The problem:
In the data below, find the line that contains "Toyota Auris ICON DUAL VVT-I 9" and the line that contains "Vintage 1980s Bill". Copy both, plus every line between them, exactly.

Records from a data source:
══════════

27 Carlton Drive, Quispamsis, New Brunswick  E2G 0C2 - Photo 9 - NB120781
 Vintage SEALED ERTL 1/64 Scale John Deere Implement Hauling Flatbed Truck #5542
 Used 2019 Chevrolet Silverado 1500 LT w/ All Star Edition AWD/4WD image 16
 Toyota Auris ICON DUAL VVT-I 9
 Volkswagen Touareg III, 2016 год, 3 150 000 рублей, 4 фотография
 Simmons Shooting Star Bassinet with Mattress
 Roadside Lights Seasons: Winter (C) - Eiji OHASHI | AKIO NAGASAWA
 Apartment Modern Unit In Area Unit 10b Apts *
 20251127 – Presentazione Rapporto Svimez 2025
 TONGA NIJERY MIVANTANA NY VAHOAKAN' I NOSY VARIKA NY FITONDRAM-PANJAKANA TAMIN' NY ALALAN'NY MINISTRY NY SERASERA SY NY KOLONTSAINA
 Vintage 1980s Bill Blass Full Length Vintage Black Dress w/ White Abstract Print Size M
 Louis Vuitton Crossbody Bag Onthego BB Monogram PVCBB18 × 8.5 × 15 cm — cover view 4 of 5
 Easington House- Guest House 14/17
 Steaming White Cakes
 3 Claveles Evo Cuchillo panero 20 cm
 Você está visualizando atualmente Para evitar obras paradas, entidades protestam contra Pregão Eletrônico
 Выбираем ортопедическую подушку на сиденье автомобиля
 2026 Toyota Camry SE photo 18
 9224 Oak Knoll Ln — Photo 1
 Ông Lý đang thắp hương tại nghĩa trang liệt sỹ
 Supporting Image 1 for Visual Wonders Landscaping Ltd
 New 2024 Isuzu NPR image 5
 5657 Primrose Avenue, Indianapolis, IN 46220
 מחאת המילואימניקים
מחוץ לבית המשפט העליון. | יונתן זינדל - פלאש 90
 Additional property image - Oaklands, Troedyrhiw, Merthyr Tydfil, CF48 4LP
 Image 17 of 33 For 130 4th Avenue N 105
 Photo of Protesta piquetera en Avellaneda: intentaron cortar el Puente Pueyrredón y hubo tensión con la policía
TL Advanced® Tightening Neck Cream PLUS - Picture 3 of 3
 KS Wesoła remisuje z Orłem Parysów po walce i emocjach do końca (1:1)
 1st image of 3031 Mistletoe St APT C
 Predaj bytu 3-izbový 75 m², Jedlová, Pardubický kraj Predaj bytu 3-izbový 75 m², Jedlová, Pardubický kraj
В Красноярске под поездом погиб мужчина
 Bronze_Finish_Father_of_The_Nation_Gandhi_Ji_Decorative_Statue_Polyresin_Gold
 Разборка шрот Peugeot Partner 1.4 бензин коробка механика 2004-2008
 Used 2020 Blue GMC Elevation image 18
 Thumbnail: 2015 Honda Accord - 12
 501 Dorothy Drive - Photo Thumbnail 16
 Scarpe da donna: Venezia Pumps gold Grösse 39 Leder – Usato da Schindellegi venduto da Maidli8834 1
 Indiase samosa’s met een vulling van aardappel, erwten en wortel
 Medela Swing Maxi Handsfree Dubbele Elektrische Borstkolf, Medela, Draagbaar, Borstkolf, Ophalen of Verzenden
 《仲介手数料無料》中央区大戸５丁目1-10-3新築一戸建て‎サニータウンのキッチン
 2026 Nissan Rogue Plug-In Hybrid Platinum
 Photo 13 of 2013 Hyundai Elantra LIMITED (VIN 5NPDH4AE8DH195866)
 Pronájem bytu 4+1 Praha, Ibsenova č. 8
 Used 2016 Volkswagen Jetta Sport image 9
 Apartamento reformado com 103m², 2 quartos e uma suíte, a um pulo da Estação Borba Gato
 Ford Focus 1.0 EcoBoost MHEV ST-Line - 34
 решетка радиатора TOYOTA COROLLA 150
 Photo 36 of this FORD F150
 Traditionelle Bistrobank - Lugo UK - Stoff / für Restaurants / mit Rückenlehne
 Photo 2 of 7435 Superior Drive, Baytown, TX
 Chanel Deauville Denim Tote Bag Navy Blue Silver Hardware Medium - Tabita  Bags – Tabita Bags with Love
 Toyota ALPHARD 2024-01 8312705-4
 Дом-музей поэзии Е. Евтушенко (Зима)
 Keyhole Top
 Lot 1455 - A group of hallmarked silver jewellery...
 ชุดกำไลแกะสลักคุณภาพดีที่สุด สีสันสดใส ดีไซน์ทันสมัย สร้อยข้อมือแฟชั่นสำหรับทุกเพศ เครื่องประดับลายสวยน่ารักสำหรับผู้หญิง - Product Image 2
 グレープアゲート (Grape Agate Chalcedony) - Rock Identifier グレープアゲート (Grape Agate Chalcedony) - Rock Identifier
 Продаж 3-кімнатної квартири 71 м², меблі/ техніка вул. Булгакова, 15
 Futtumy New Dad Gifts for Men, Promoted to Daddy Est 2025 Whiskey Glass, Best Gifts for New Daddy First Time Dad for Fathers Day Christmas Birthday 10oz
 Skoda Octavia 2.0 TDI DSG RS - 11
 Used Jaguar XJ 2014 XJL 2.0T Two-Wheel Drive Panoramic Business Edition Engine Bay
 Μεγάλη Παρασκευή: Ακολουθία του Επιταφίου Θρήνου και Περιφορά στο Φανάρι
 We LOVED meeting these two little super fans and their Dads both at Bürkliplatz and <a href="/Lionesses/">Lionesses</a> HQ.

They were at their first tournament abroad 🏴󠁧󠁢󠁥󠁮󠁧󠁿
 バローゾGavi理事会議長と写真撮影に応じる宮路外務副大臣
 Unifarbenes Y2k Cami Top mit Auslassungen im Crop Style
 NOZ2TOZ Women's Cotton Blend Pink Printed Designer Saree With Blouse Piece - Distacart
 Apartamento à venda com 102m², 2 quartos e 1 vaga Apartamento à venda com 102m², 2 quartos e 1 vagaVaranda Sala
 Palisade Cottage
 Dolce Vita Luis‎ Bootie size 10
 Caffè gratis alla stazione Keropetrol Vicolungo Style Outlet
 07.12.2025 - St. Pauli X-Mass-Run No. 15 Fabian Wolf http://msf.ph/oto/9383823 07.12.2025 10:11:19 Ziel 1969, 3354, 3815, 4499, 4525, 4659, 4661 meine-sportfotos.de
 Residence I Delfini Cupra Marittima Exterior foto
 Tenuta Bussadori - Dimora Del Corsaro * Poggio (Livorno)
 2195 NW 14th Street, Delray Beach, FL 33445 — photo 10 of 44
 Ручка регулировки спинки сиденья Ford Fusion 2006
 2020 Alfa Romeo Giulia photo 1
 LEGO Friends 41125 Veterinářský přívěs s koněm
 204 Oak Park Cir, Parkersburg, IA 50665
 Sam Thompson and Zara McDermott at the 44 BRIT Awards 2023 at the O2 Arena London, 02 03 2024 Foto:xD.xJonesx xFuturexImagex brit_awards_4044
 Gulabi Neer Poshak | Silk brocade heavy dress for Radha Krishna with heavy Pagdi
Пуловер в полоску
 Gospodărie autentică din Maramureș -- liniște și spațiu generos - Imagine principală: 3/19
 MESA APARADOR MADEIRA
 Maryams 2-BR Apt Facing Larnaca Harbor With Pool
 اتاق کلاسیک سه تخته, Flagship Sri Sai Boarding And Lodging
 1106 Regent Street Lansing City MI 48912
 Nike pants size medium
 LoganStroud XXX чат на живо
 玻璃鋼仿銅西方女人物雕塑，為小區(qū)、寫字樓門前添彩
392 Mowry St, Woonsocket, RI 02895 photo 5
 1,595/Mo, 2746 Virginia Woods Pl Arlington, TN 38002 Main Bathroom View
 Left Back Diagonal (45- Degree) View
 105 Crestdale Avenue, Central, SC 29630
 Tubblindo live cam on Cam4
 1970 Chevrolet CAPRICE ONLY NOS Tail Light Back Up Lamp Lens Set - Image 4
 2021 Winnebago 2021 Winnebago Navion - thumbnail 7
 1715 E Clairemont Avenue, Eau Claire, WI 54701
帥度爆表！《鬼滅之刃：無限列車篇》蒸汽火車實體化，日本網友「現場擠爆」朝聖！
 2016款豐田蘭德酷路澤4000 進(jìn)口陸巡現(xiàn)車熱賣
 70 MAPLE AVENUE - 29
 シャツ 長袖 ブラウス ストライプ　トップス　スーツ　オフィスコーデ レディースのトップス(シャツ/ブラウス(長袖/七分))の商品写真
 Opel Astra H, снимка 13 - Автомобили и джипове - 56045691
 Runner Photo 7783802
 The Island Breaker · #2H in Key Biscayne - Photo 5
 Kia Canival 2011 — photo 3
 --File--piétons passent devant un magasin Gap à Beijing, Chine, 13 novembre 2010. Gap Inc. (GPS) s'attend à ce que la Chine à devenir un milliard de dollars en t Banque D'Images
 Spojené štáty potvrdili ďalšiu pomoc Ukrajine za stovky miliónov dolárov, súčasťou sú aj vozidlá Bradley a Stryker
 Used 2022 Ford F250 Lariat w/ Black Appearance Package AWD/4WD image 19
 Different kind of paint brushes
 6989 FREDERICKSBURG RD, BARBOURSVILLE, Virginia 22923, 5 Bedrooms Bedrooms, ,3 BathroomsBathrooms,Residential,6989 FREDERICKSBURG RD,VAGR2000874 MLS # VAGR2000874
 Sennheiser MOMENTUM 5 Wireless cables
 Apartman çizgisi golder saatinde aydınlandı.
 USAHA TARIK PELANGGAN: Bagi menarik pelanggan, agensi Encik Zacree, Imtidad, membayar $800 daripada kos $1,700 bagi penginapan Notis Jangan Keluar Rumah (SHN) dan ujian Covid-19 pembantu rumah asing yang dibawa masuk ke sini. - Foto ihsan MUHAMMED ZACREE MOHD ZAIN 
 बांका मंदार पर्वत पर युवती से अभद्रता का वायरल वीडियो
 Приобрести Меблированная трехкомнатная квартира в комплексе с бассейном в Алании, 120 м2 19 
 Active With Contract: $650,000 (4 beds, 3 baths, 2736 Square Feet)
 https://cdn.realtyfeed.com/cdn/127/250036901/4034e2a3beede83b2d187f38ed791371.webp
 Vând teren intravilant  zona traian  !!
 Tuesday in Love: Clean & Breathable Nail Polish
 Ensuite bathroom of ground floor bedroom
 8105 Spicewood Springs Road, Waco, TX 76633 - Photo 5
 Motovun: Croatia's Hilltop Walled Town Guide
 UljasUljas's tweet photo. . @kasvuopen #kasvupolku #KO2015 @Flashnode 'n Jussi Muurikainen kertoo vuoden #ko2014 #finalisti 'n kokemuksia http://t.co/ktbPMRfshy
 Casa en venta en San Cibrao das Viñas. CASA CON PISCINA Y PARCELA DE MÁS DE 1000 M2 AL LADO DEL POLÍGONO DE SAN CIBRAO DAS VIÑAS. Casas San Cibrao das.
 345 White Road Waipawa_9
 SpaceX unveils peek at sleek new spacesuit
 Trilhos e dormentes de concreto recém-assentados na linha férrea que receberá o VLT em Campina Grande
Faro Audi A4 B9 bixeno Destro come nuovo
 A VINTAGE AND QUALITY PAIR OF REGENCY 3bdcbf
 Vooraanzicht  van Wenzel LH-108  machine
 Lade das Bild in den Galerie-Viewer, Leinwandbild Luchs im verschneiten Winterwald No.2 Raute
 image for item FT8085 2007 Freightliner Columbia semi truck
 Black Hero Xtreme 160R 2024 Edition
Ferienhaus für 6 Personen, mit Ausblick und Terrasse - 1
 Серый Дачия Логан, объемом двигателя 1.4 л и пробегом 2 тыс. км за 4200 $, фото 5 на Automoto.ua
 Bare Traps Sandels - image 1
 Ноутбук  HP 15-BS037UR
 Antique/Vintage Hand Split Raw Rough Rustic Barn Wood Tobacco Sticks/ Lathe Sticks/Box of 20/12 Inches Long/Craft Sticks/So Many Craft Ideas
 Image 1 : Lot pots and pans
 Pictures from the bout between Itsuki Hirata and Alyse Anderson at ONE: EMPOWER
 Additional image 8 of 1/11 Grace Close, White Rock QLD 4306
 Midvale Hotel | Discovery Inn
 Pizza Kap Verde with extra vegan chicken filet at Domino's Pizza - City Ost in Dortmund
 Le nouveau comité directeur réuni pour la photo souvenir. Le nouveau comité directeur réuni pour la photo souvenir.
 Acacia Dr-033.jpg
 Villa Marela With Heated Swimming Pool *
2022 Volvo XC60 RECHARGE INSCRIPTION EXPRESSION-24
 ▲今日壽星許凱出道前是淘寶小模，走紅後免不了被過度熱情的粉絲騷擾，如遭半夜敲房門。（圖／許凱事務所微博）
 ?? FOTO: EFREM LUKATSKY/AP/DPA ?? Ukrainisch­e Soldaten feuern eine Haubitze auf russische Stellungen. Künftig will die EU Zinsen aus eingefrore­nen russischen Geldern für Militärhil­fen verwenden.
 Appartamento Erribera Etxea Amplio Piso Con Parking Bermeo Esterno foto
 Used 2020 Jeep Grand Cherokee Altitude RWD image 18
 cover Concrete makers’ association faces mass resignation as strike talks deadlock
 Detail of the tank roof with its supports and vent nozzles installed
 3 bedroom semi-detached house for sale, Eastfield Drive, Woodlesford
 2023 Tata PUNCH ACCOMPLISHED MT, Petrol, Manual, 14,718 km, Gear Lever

══════════

Answer section:
 Toyota Auris ICON DUAL VVT-I 9
 Volkswagen Touareg III, 2016 год, 3 150 000 рублей, 4 фотография
 Simmons Shooting Star Bassinet with Mattress
 Roadside Lights Seasons: Winter (C) - Eiji OHASHI | AKIO NAGASAWA
 Apartment Modern Unit In Area Unit 10b Apts *
 20251127 – Presentazione Rapporto Svimez 2025
 TONGA NIJERY MIVANTANA NY VAHOAKAN' I NOSY VARIKA NY FITONDRAM-PANJAKANA TAMIN' NY ALALAN'NY MINISTRY NY SERASERA SY NY KOLONTSAINA
 Vintage 1980s Bill Blass Full Length Vintage Black Dress w/ White Abstract Print Size M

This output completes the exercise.